Was it fun being on location with your wife [writer/director Rebecca Miller]?
It was, yeah. It really was. It was as good as it can be. It was a very small
group of people who, as far as I could tell, without exception were all
like-minded and in pursuit of the same thing. There's nowhere to hide on a small set like that. There's no room to lay about. So all of us had to be doing
something all of the time. It was hugely physical. The fact that Rebecca, we talked about it a lot, but talking about it is a different thing from doing it. She made it possible for us to shoot in sequence, which is like such a rare thing to be able to do. I think that certainly helped me beyond the description.
But it also, I think, because this group of people were so engaged in what
we're doing, I think that it helped that the story was being revealed to everyone as we told it.
When was the last time you were on a small set?
The last time I was on a small set would've been, well I suppose really
small, probably My Left Foot. That was the last really small set.
How long does it take you to get accents down?

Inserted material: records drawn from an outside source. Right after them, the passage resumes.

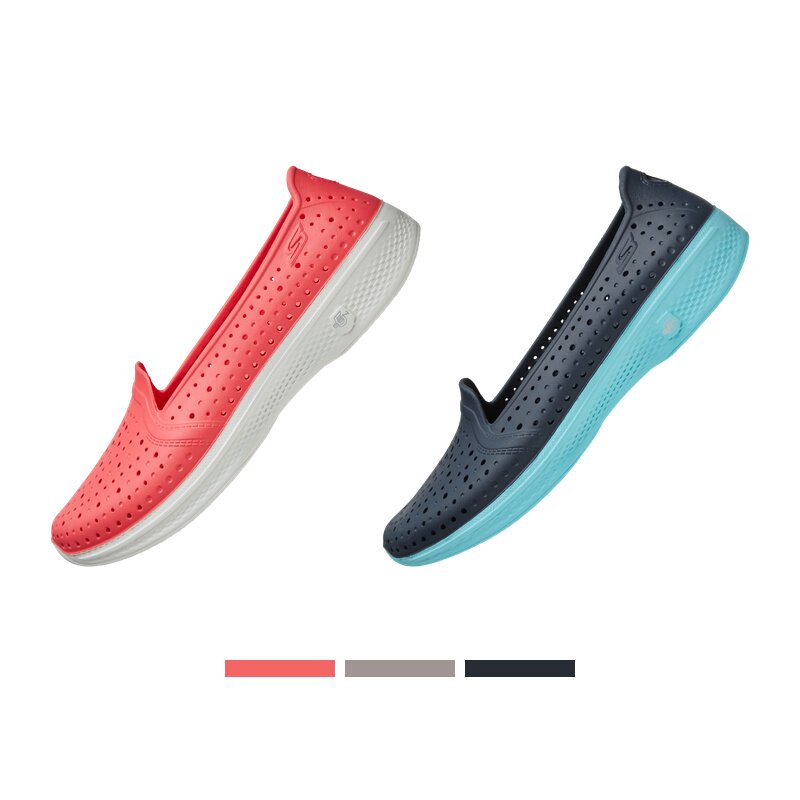 skechers夏季新品套脚透气单鞋 SKECHERS海外板鞋/休闲鞋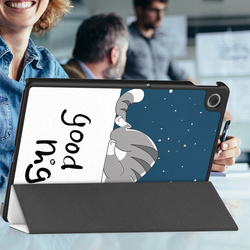 Etui Graficzne do Lenovo Tab 10.1 2025 z klapką - ochronne z podstawką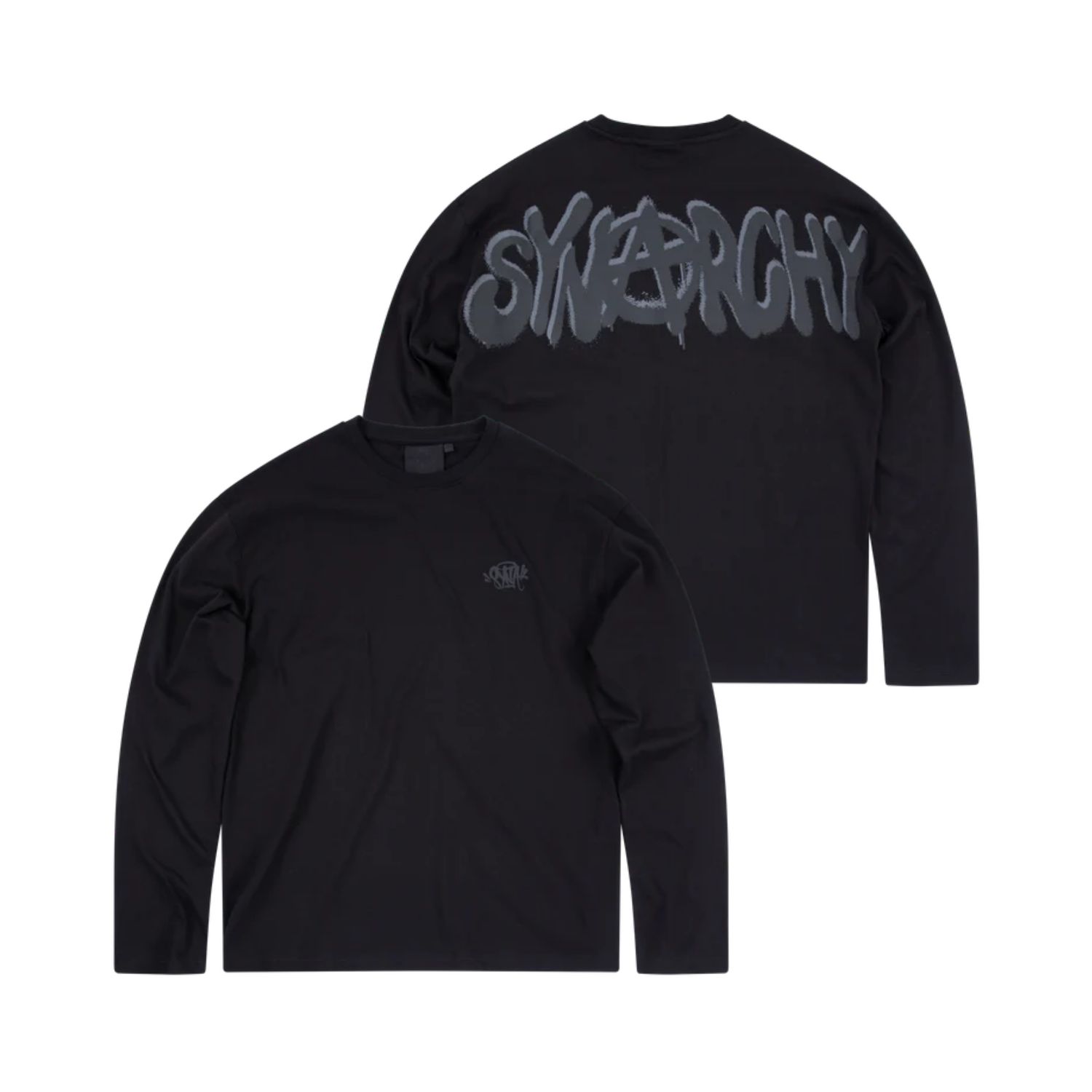 SynaWorld Synarchy Double Long Sleeve Tee - Black/Black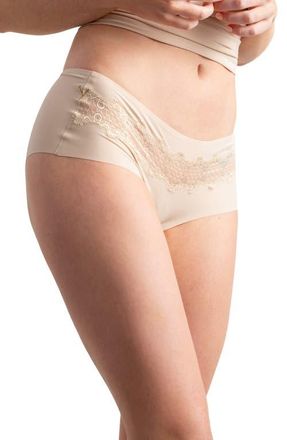 Uwila Warrior Soft Seamless Briefs with Lace in Smoke Grey at Nordstrom, Size Xx-Large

I cant really put a time on it because, again, its one of those things,
like all the aspects that we talked about earlier
these things are things that you see what needs to be done and you set about doing it. But as far as possible, you try and do it in such a way that youre not really - you have to kid yourself all the time. Its really just a game, the whole thing, and the game is to kid yourself into believing something that therefore you hope other people will be able to believe, and that the voice is such an internal thing.
I suppose one reason why I love to work on that is because it is that mechanism, that organ is something that belongs inside of us, therefore it reflects something that potentially says something profound about who we are. So that feels like its work that belongs with all that kind of discovery of the interior life of a character. And you try and kid yourself. You try and let it happen in such a way that you dont really know that its happening. Its hard to describe. Because if you set about it like its a task, you kind of separate it off. Its on a list of things that you need to do. You separate it off and go, So much time is given over to that on such and such a day. It then kind of exists outside of you. Its as if youre constantly pushing that thing back outside of yourself that ought to be developing somehow elsewhere.
Who inspired you to reach for the stars as a child?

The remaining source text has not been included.